The cost effectiveness level for this youngest group of adults was very sensitive to the cost of each dose of vaccine to the insurers and government agencies that will buy it, which the team estimated at $120.
Past and future work on COVID-19 and RSV vaccines
Prosser said the team hopes to do future analysis of data from children and teens.
Much cost effectiveness research on vaccines has been done for children’s vaccines, where the time scales for additional years of life are longer, Prosser added. But influenza vaccine for older adults has also been shown to be cost saving.
She notes that it’s the second time this year that U-M researchers have presented an economic analysis for an adult vaccine to ACIP – the first being for the two new vaccines against respiratory syncytial virus, or RSV, that ACIP recommended for adults over age 60.
David Hutton, Ph.D., Prosser’s collaborator from the U-M School of Public Health, presented those data at ACIP’s June meeting.
In that case, unlike with the COVID boosters, ACIP recommended that older adults consult with a health provider about the potential benefit of the RSV vaccine for them based on their health status.

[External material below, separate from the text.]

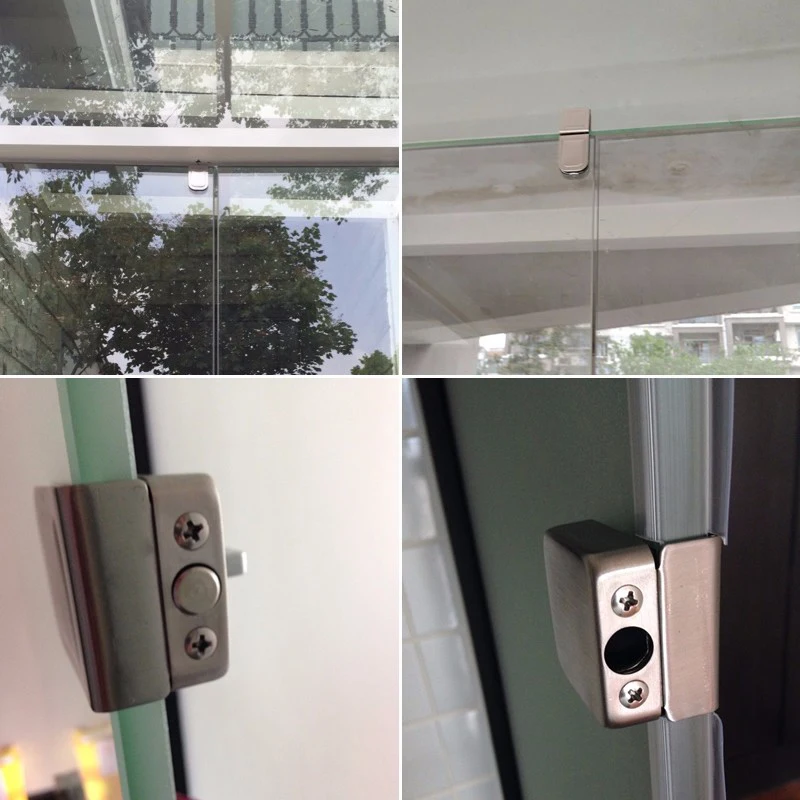 Нержавеющая сталь стеклянные дверные защелки замок/болт 138A без сверления для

The U-M economic analysis suggested that the RSV vaccines would be potentially cost effective, especially in people over 65, but that this would depend on exactly how well these new vaccines do at keeping older adults from getting ill, needing hospitalization or protecting someone over multiple years.
In addition to Prosser and Hutton, the research team includes programmer/analyst Acham Gebremariam, MS, project manager Angela Rose, MS, MPH, and research assistant Kerra Mercon, MS, as well as Cara Janusz, PhD from Wake Forest University and collaborators from CDC.